Estive em Caracas três vezes nos últimos cinco anos. Cobri eleições e fiz detalhada reportagem sobre a crise local. Conheço a Venezuela, seus pouco democráticos meandros políticos e frágeis instituições. Olho para o passado recente e me vejo retornar ao Brasil suspirando fundo, refletindo sobre o ambiente opressivo que vivi e com pena dos amigos que tenho lá. Tudo parecia distante. Agora, observo o nosso presente e sinto aquele clima se esgueirar para talvez nos alcançar em um futuro não tão distante. Perturbo-me. Tenho pena de nós!
Feitas as constatações acima, resta-me uma suposição, com a qual desafio os diversos leitores que espero estejam me acompanhando. Se você é contra o impeachment, deve pensar que me refiro às estocadas da oposição. Se quer afastar Dilma, sorri com escárnio e, num muxoxo, rosna: esse bocó só se deu conta agora de que os petistas são uns bolivarianos ilustrados. Pena! Vou desagradar e talvez desapontar os dois lados, o que por vezes é recomendável a um jornalista. Como firme defensor das instituições alicerçadas em 30 anos de democracia, afianço-lhes: ambos têm parte nesse pesadelo. O opositor cavouca casos de corrupção com a finalidade única de tirar a presidente que o derrotou em 2014, como uma UDN rediviva. E você, governista, teima em não enxergar que este governo errou muito e errou feio. Se metade das derrapadas de Lula tivesse sido feita por um adversário, ah, você voaria na jugular do sujeito, clamando por Justiça e querendo vê-lo fora da política. É ou não é?
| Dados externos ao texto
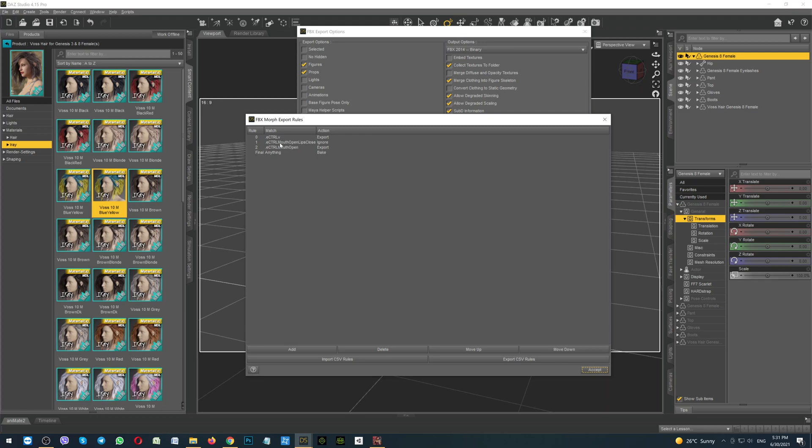The second line is the mouth open, lips closed. It means that when she will open mouth, the lips will be closed. This morph will be ignored. As you can see here is the Ignore. And the third one is the mouth open export. It means that when she will speak, she will open her mouth correctly. After the settings has done, click the button Accept.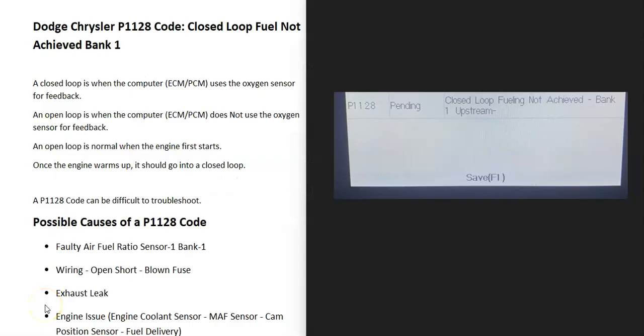Today I'm talking about a Dodge or a Chrysler with the P1128 code — what it is and how you go about fixing it. So what is a P1128 code? It's a closed loop fuel not achieved bank one.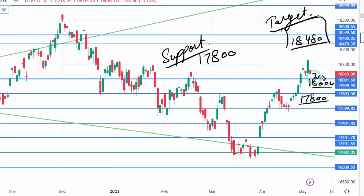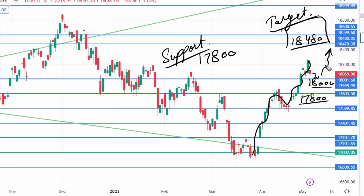Any dip next week — you should buy there for a bounce back, because the overall rally is expected. We have a big rally in the market, so dips will come. The market can't move in a straight line — dips are necessary and they give you a good entry at good levels. If the price comes to 18,000, you should buy there. The positional target is 18,480.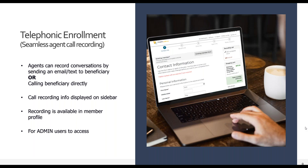We are excited about our telephonic enrollment feature this year, also referred to as agent call recording. It is available for FMOs and agencies with field agents to ensure the compliant recording of agent calls during the enrollment process. We know agents are not back to 100% face-to-face meetings with beneficiaries, and this feature allows for recording an enrollment via phone when in-person is not an option. The process is simple: agents can choose to record the conversation by sending an email or text to the beneficiary or calling them directly. Once connected, agents proceed to the enrollment application with the recording in progress, and once the call is finished, the recording is available in the member profile for admin users to access and review.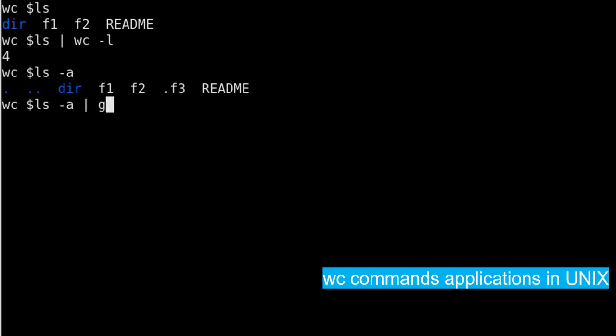egrep command with -v switch. egrep -v switch will exclude the pattern which we are trying to write here.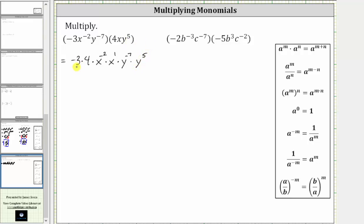And now let's multiply. Negative three times four is negative 12. Then we have x to the power of negative two times x to the first. When multiplying and the bases are the same, we add the exponents. Since negative two plus one is negative one,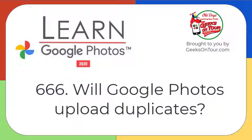Hi, this is Kris Gould with GeeksOnTour.com and LearnGooglePhotos.com, and the purpose of this tutorial video is to answer the question, does Google Photos upload duplicates? Spoiler alert, the answer is no, but you need to understand the definition of duplicate.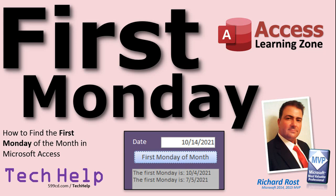Welcome to another Tech Help video brought to you by AccessLearningZone.com. I am your instructor, Richard Rost. In today's video, I'm going to show you how to find the first Monday of the month in Microsoft Access.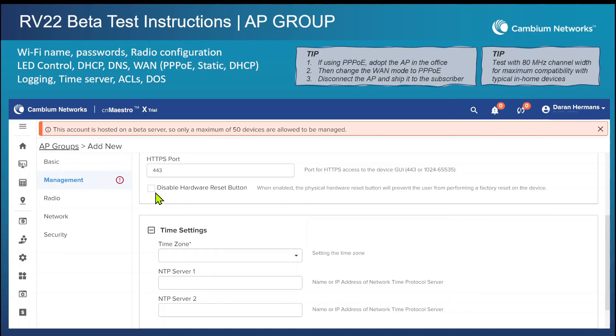Remember, CNMaestro holds the master configuration. So even if a customer defaults the AP, it'll log back into CNMaestro as soon as it gets plugged in, and it will receive its configuration again.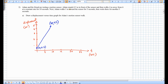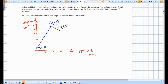Then Adam waits for another 5 seconds with no change in displacement — just a horizontal line from t=15 to t=20, ending at (20, 3.5). For part B, the average rate of change in displacement over the first 10 seconds is D(10) minus D(0) over 10 minus 0, which is 4.5 minus 0.5 over 10, giving 4 over 10, equal to 0.4 meters per second.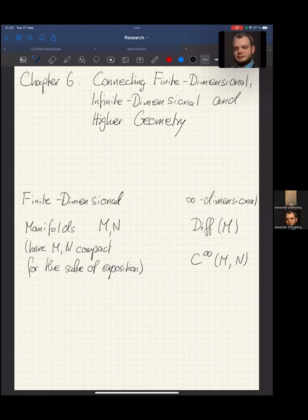Welcome to a short video on Chapter 6: Connecting Finite Dimension, Infinite Dimension, Higher Geometry. This is taking up one of the core themes running like a red thread through the whole book and also through the lecture — there is an intricate interplay between finite dimension and infinite dimension geometry.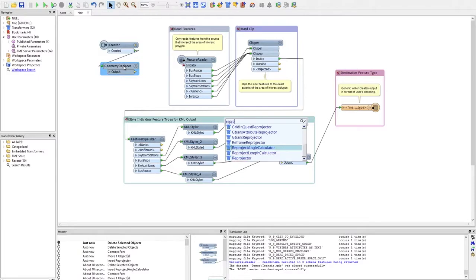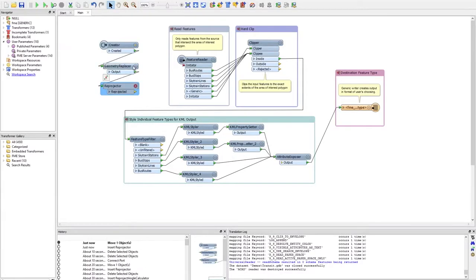It allows me to replicate a lot of the processes that I do, and I get to spend time doing more interesting things and not the same old mundane process.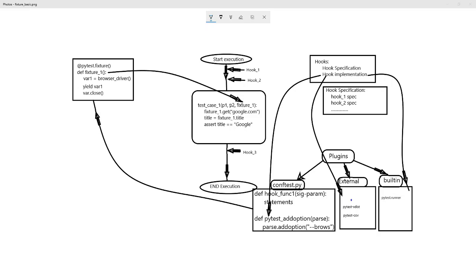Hi friends, hope you're doing well. Today I will explain the basic principle of two main weapons of the PyTest framework: fixtures and hooks.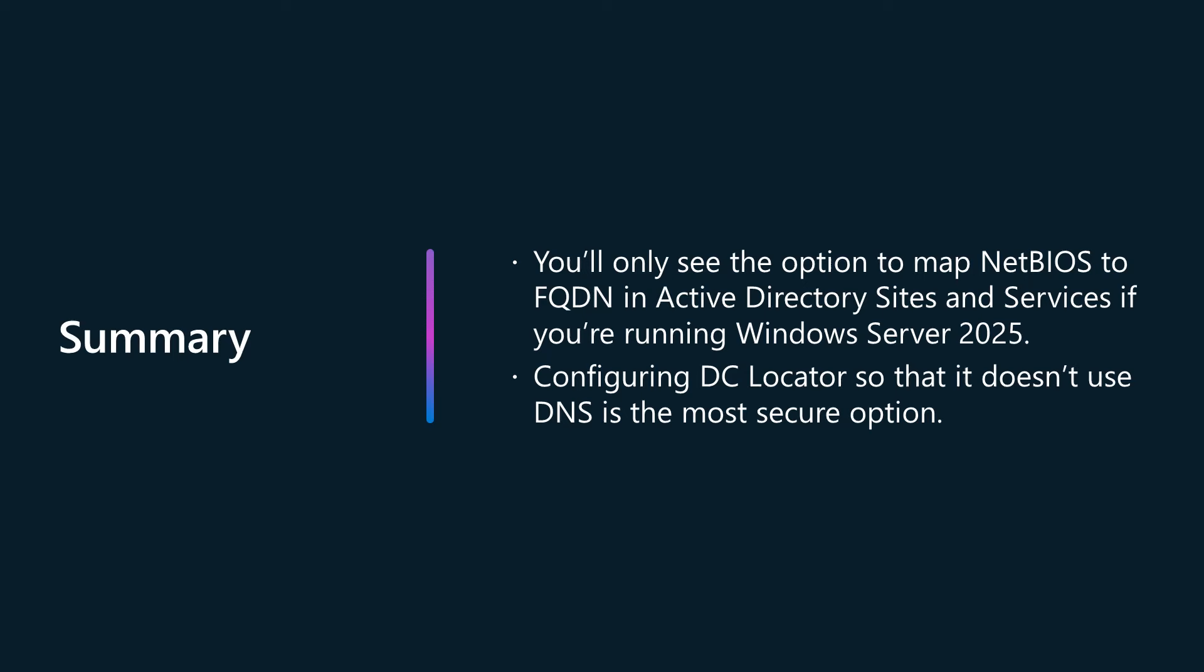When you do eventually upgrade your Active Directory environment to Windows Server 2025, keep this video in mind if you encounter some odd errors related to name resolution with some of your organization's ancient applications and services.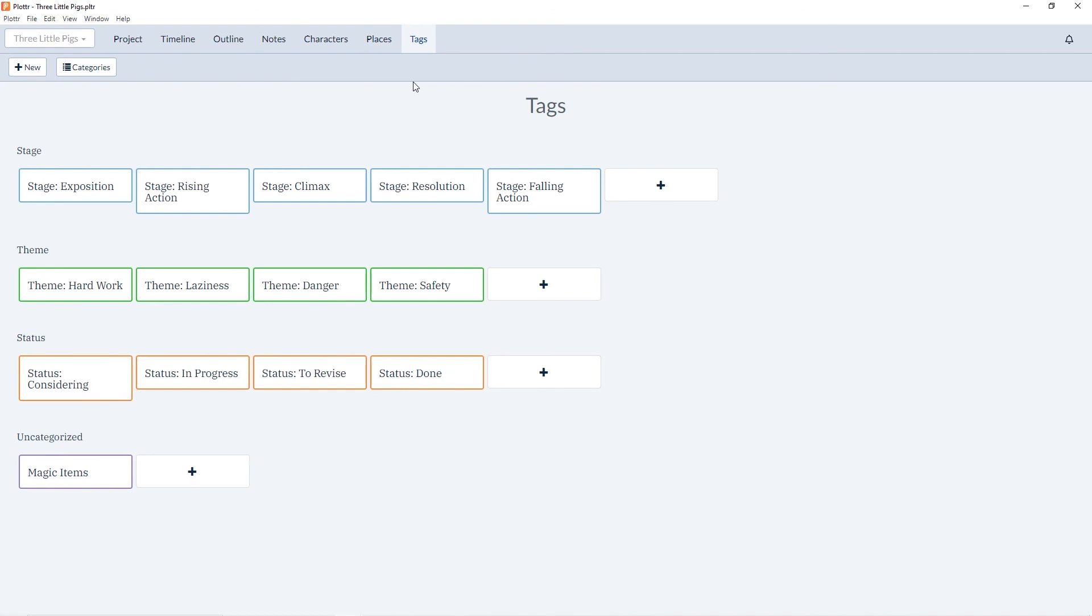So that shows how we can use tags to filter our information throughout Plotter. If you have any questions, be sure to leave them in the comments below and give the video a thumbs up. Subscribe to the YouTube channel for all our latest tutorials, information, and updates. And I'll see you in the next video!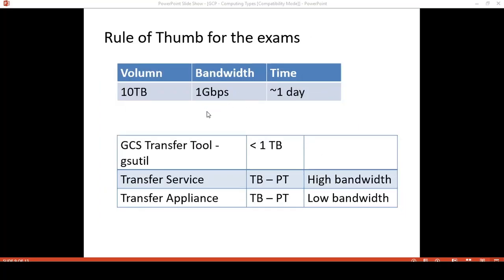Some takeaways before reviewing questions. Rule of thumb: with a volume of 10 TB and bandwidth of 1 Gbps, it will take about one day to complete the transfer. Comparing the three transfer options: Google Cloud Storage transfer tool applies to less than 1 TB; Transfer Service applies to terabytes to petabytes but requires high bandwidth; Transfer Appliance applies to terabytes to petabytes with low bandwidth.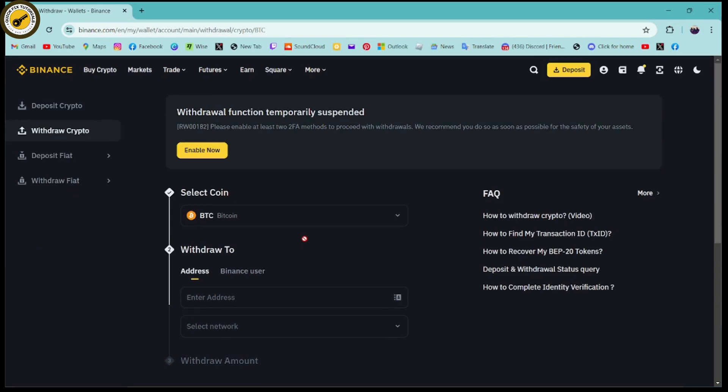sometimes Binance doesn't allow all persons to withdraw at the same time, so you just need to wait for your turn and you will be able to withdraw. That might be the reason, or sometimes the server might not work, so you will not be able to withdraw at that time.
No mundo ideal, deveríamos zelar por instituições sólidas. Recordo o que um dia me disse o venezuelano moderado Henrique Capriles: há golpistas no governo e na oposição. Penso em Capriles me dando esse título para uma das nossas entrevistas. Hoje, ele só quer tirar o presidente Maduro pelo voto, em um constitucional referendo revogatório da metade do mandato, tipo um recall. Naquela entrevista, ele falava dos próprios pares. E é dessa sinceridade que precisamos lá e aqui. Nossas energias deveriam se voltar a uma correção de rumo, não a um Tom & Jerry sem sentido. Sempre se ouviu que o verdadeiro poder e as reais escaramuças políticas estavam no submundo. Muitos, até os mais improváveis agentes, aderiram à engrenagem quando poderiam tê-la implodido. Deveríamos retomar o percurso que tivemos desde a carta interesseira de Pero Vaz de Caminha a Dom Manuel na época das naus insensatas que insistem em singrar nossos mares de águas plácidas.